What does he put his success down to?
“Me! Just being the person I am, offering good deals to people. I’m good with people and I don’t pressure people to buy anything. I show people the products I’ve got and wait for them to be ready for them. If you try to force people into a hard sell then it turns them away from you.
“You’ve got to know your customers and know their needs. I tend to listen to conversations and ask them what they’re looking for next, then I look out for deals on them. When I’ve got a good deal I’ll go back to them and ask if they’re interested.
“I think my background helps, because I understand exactly what my customers need.”
Having a mechanic background might have been a big help, but becoming a Mac Man is still a transition.
“It was scary,” Nathan says. “You don’t know what’s going to happen. My territory had been vacant for a couple of years, but I knew I could build faith in the Mac brand.
"I kept going back to garages week in week out, they see that I’m here to stick around and that’s helped them trust me. That’s also helped get them to buy as well, once they know you’re going to be here for a long time – I told them that I’ve invested my money into this, I’m not employed by Mac, I’ve invested my own money into the business so it’s not like I’m going to disappear.”
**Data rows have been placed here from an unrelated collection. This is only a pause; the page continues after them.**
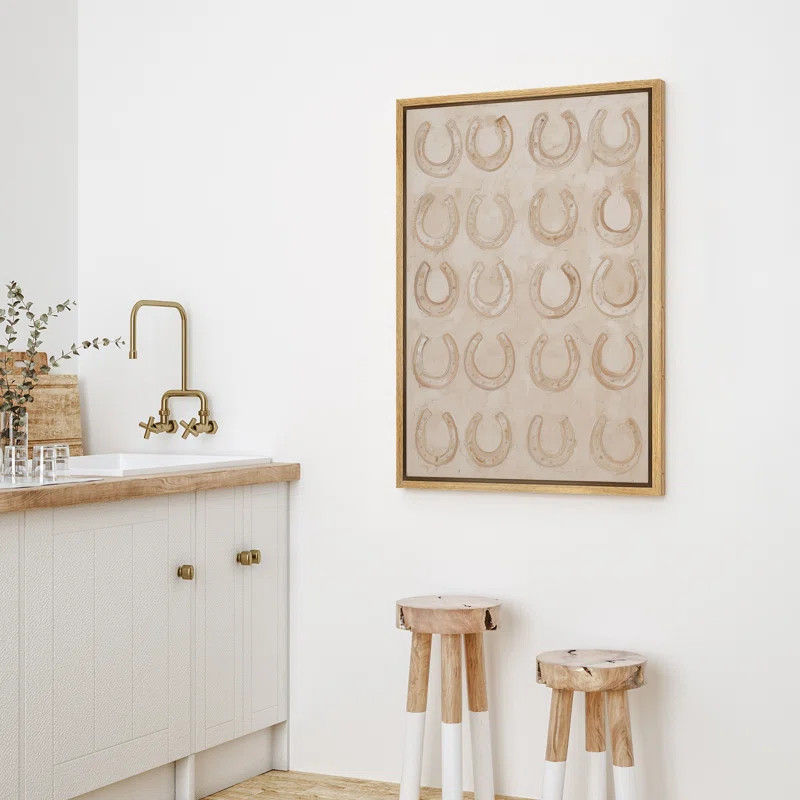Neutral Western Horseshoe Pattern Luck Symbol Framed Canvas Master Bedroom Wall Art Work Print | Wayfair North America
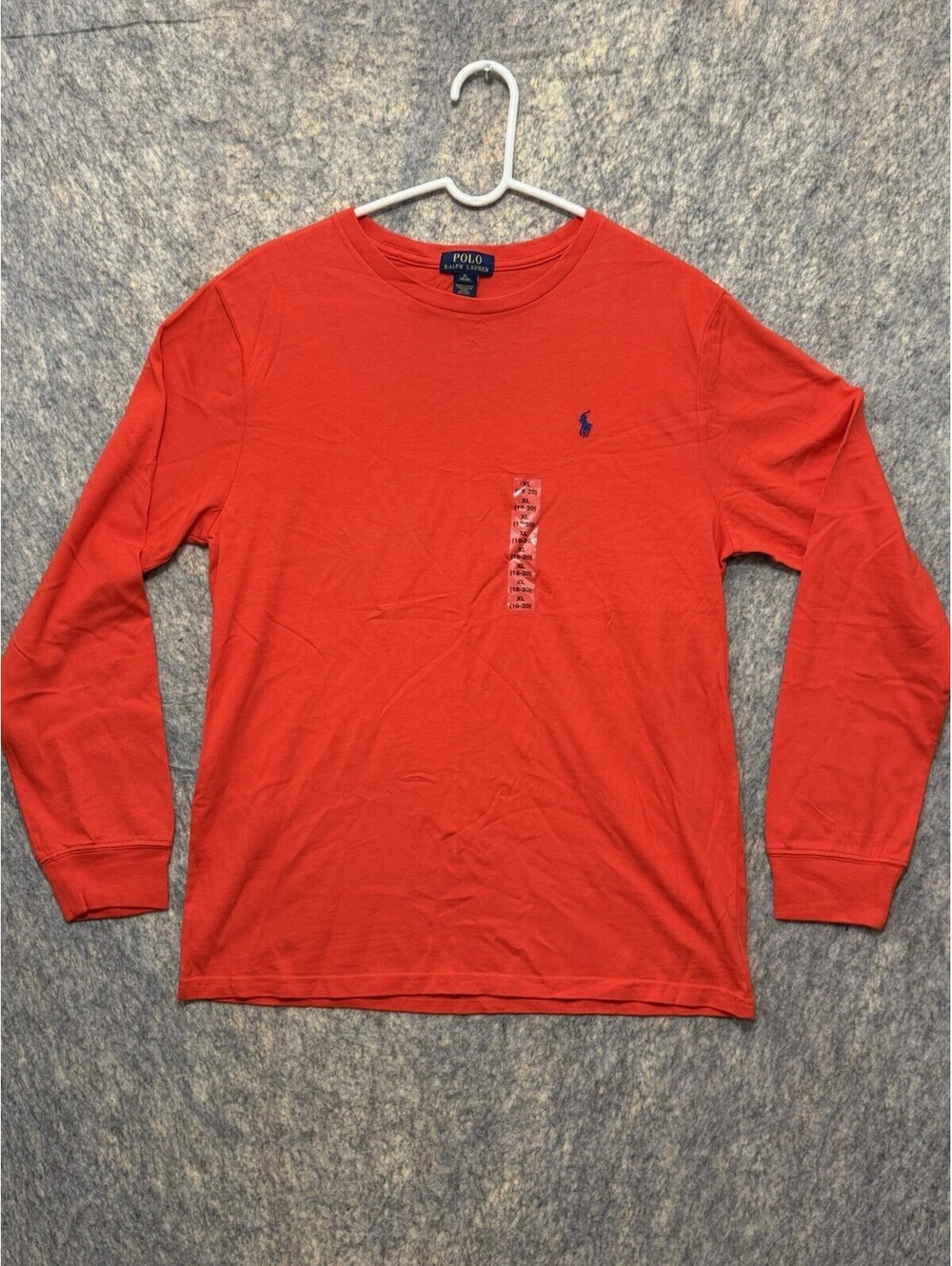 Polo Ralph Lauren Boys XL 18-20 Red Long Sleeve T-Shirt Pony Logo
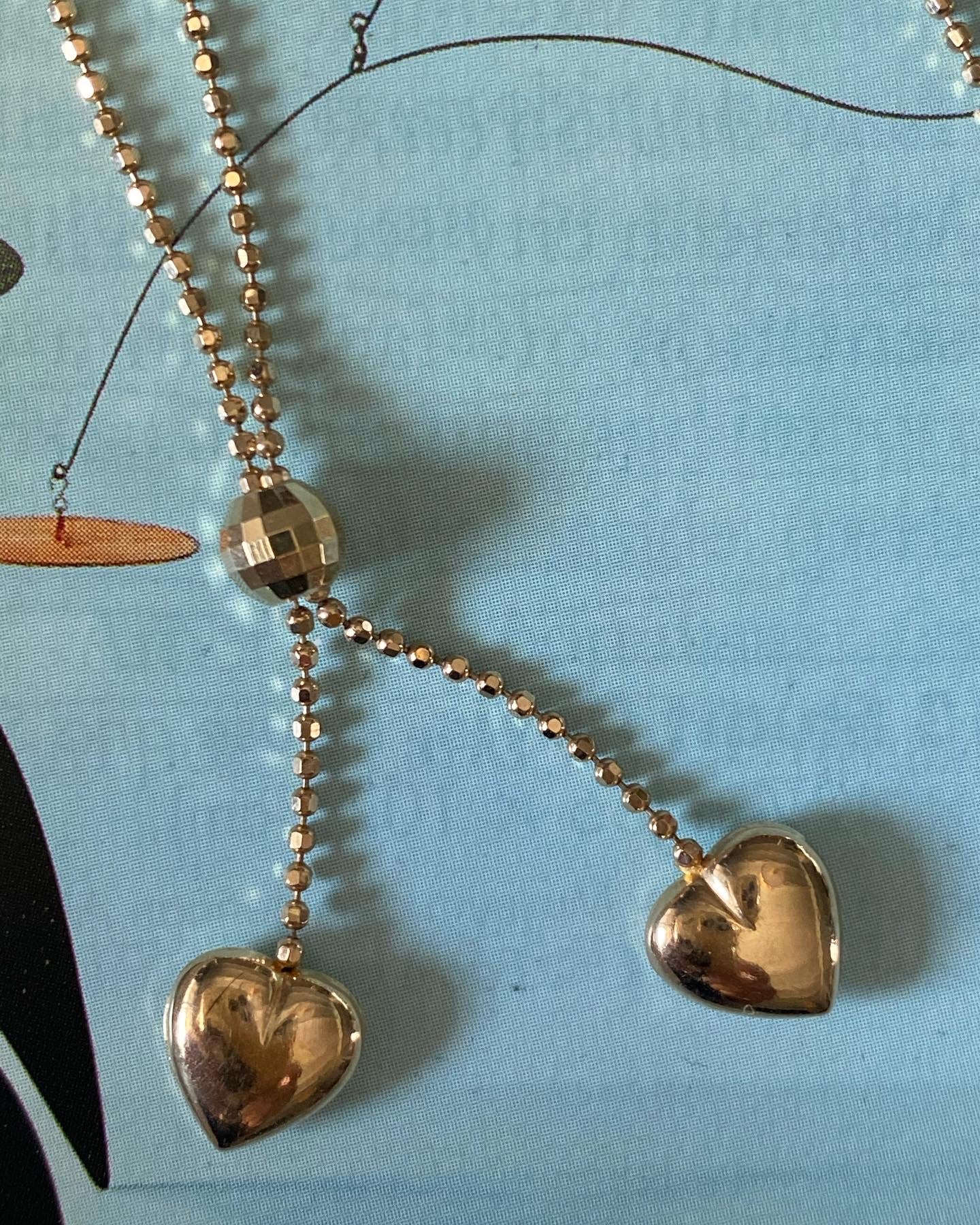14k Faceted Bead Ball Heart Lariat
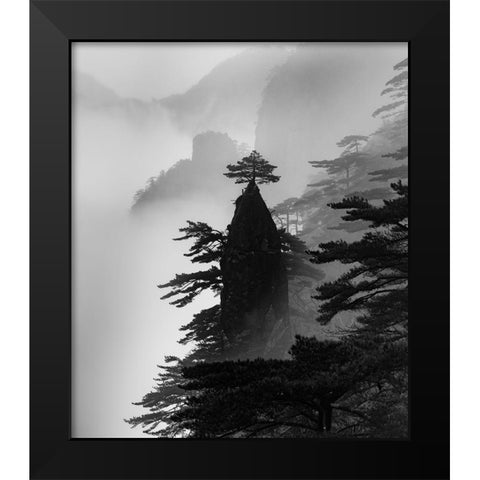 Standing Alone Black Modern Wood Framed Art Print by Dai, Wei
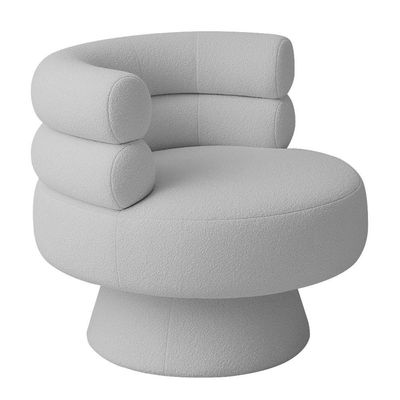 Poltrona Orgânica Mabel Base Giratória Bouclé Cinza Claro - Nexta Casa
With over 175 franchisees in the UK alone, Mac Tools is well set up to help people make the transition into running their own business, and Nathan’s quick to say how much that experience matters.
He comments: “The support has been great to be honest. The training was really good, taught me how to use the computer systems and the Mac credit system. I also learned some product knowledge that I didn’t know! You never stop learning, let’s be honest, there are always new things to learn about.
“Steve Higgins, the training manager, is very good, he’s a nice bloke and a great trainer. The regional manager has also given me great back up.”
It’s good to talk
And it’s not just about the support from head office – Nathan’s found the franchisees like to chat with each other a lot too!
“Especially one guy, I speak to him every single day, sometimes two or three times a day!” he says. “If you’ve had a good day or a bad day, it’s good to share it with someone else who understands. Sometimes we call each other to tell the other about what we’ve sold. In the van on your own it can be hard, so it’s always good to get ideas off other people.
“If I’m struggling to sell something then I can ask and he’ll give me ideas, and vice versa. We also help each other out, if I’ve got something in stock that he needs then he can give it back to me sometime later.
“A few of us are in a WhatsApp group and it’s great to share our experiences. It really makes a difference.”
Engineering a new future
Germaine Ash lists her franchisee highlights as "community, flexibility, and the dog!" The former engineer was originally looking for part-time work when she found something much more appealing...
The award-winning Mac Man
Mike Cheffings has been named Mac's Franchisee of the Year for an incredible four years running thanks to his outstanding business performance. Here he talks about the highlights of making the move into business, and what you need to succeed.
Cheers! Former pub landlord becomes award-winning Mac Man
“For the first time, I’m solely in control of my own destiny.” An award-winner after his first year, Nick's never looked back after leaving the pub trade (well, there are two things he misses...!).
It might not seem an obvious career move going from pulling pints to selling tools, but Nick Cobb had a plan in mind and no doubt that a little personality would go a long way in his new business.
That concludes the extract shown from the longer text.